Le vendredi 13 évoque souvent des superstitions liées aux chats noirs et aux échelles. Toutefois, cette date porte un poids historique bien plus lourd. En France, elle est liée à un événement tragique survenu en 1307, marquant un tournant dans le rapport entre le pouvoir royal et l’Ordre du Temple.

EN BREF

  • La superstition du vendredi 13 trouve ses racines dans un événement historique tragique.
  • En 1307, le roi Philippe le Bel ordonne l’arrestation des Templiers en France.
  • Cette date est associée à des traditions et récits qui perdurent dans la culture française.

Chaque année, les vendredis 13 reviennent, apportant avec eux une aura de malchance, tant redoutée par certains et célébrée par d’autres. En réalité, ces dates résonnent comme un écho lointain d’une journée cauchemardesque du 13 octobre 1307, où l’Ordre du Temple a été frappé par la répression royale.

La superstition entourant le chiffre 13 est souvent attribuée à des croyances bibliques, où Judas, le traître, est considéré comme le treizième convive lors de la Cène. Cette interprétation ne suffit pas à expliquer pourquoi, en France, le vendredi 13 est chargé d’une telle connotation négative. Les événements tragiques du passé en sont la cause principale.

Le matin du vendredi 13 octobre 1307, Philippe le Bel a ordonné l’arrestation simultanée de tous les membres de l’Ordre du Temple sur le territoire français. Cette opération, conçue dans le secret par Guillaume de Nogaret, a conduit à l’arrestation de milliers de Templiers, allant du simple moine au grand maître. Officiellement, le roi justifie cette action par la nécessité de lutter contre l’hérésie et d’autres crimes présumés, mais la réalité est tout autre : le roi cherchait à se libérer de ses dettes envers cet ordre, considéré comme une banque internationale à l’époque.

Les prisonniers sont alors soumis à des interrogatoires musclés, souvent accompagnés de torture, pour obtenir des aveux.
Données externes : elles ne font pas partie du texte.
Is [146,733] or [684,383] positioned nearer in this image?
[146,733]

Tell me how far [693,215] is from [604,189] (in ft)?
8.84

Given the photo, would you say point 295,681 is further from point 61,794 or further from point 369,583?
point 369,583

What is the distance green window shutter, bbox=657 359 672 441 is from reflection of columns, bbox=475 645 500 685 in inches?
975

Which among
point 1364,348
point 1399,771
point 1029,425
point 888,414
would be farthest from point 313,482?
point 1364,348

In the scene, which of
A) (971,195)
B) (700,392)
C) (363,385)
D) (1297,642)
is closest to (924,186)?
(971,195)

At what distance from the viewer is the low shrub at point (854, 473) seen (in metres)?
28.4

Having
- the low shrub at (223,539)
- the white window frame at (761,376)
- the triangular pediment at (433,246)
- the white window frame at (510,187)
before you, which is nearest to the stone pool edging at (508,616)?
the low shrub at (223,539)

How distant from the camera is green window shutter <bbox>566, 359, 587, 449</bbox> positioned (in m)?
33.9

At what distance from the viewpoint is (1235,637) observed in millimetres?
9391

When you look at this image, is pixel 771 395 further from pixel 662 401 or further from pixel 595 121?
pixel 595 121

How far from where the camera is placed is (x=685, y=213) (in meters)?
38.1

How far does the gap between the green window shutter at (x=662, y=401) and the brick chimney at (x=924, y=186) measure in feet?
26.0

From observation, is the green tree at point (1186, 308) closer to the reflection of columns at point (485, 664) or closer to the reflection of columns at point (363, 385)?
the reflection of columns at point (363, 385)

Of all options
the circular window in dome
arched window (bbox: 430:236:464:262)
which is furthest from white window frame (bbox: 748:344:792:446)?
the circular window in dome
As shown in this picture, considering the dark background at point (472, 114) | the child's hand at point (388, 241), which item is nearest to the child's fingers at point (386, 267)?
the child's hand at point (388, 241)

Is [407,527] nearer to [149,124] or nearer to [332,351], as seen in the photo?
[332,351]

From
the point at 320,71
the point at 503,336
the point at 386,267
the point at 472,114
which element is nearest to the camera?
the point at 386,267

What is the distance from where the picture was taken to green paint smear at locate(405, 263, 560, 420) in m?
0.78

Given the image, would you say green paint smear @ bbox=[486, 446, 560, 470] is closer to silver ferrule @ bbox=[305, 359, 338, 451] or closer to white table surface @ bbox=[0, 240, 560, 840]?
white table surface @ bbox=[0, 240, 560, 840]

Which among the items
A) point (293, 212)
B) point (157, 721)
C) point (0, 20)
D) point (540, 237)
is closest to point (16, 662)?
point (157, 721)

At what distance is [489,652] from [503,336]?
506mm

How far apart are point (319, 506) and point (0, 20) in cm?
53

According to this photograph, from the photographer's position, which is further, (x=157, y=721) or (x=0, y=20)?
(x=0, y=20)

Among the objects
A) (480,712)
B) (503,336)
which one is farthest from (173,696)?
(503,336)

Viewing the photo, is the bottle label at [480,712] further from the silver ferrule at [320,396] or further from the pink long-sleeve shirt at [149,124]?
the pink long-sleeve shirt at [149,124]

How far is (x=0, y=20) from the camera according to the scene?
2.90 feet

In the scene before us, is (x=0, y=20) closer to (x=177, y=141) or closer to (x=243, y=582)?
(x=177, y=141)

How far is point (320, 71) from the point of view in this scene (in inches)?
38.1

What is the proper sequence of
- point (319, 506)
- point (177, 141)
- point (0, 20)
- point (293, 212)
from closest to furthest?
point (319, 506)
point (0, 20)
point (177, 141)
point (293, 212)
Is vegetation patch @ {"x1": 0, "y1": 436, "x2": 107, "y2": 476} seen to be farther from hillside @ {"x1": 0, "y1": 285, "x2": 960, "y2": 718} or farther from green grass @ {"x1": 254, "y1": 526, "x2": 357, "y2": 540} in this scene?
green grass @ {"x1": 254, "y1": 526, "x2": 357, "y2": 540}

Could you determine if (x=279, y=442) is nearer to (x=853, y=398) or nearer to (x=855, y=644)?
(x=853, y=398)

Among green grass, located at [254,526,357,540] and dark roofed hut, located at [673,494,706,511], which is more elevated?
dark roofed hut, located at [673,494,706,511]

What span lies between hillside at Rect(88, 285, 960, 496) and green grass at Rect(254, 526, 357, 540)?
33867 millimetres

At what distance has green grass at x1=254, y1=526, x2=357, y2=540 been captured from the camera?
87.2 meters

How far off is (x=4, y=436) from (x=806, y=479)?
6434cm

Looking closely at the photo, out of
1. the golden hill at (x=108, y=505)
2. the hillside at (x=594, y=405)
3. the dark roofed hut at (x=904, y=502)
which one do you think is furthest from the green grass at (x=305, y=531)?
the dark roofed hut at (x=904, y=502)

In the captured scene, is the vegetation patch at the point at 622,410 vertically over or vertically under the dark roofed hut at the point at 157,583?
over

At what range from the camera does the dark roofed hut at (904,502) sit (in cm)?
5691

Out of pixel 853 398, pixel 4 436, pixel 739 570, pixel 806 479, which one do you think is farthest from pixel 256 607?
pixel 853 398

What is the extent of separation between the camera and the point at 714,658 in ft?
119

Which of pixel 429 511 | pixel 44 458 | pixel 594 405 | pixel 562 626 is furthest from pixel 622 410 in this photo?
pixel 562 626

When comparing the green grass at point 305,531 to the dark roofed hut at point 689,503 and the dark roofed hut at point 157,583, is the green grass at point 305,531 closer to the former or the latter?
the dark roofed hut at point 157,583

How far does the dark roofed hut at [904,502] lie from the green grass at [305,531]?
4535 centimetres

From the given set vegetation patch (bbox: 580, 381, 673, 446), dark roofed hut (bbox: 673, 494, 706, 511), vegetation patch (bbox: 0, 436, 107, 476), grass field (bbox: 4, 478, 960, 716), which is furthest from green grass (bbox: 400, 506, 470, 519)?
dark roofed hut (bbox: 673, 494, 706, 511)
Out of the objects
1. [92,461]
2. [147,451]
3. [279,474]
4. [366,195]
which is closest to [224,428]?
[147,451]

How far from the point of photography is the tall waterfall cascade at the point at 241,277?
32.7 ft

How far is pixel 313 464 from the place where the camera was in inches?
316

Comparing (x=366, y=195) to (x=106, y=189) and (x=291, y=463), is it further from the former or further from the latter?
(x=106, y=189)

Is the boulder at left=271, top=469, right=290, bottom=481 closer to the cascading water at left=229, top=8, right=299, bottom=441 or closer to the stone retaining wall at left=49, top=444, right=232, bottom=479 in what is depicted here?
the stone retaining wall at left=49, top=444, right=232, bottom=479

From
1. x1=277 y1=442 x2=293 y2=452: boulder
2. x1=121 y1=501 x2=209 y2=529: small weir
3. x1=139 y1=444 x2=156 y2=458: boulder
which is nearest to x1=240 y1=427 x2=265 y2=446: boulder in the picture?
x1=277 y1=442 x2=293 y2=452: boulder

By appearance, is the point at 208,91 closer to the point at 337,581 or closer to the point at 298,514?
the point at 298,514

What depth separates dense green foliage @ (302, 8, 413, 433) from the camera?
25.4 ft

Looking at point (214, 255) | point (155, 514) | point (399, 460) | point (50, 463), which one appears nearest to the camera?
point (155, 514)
À Paris, environ 140 frères sont incarcérés, et 54 d’entre eux finissent sur le bûcher. Quelques années plus tard, le pape Clément V, sous la pression des événements, officialise la dissolution de l’ordre au concile de Vienne en 1312.

Le grand maître Jacques de Molay, capturé, est exécuté en 1314. Avant de mourir, il aurait maudit le roi et le pape, une légende qui alimente encore aujourd’hui les récits autour du vendredi 13. Cet événement tragique a profondément marqué l’imaginaire collectif français, transformant une simple date en un symbole de malchance.

Cette histoire a été popularisée au fil des siècles, notamment par des œuvres littéraires comme « Les Rois maudits » de Maurice Druon, qui évoquent les intrigues et les trahisons de cette époque. De nos jours, la culture populaire, à travers des séries comme « Game of Thrones », continue de s’inspirer de ces récits de pouvoir et de destin tragique.

Les superstitions autour du vendredi 13, bien que souvent considérées avec humour, portent en elles les échos d’une histoire complexe et tragique. Dans d’autres cultures, ce sont d’autres jours qui provoquent l’angoisse, mais en France, le mélange de mystère et de tragédie fait du vendredi 13 une date à part, marquée par un héritage historique qui continue de fasciner et d’inquiéter.

Ainsi, le vendredi 13 ne se limite pas aux simples croyances populaires, il incarne aussi la mémoire d’un événement qui a laissé une empreinte indélébile dans l’histoire de France.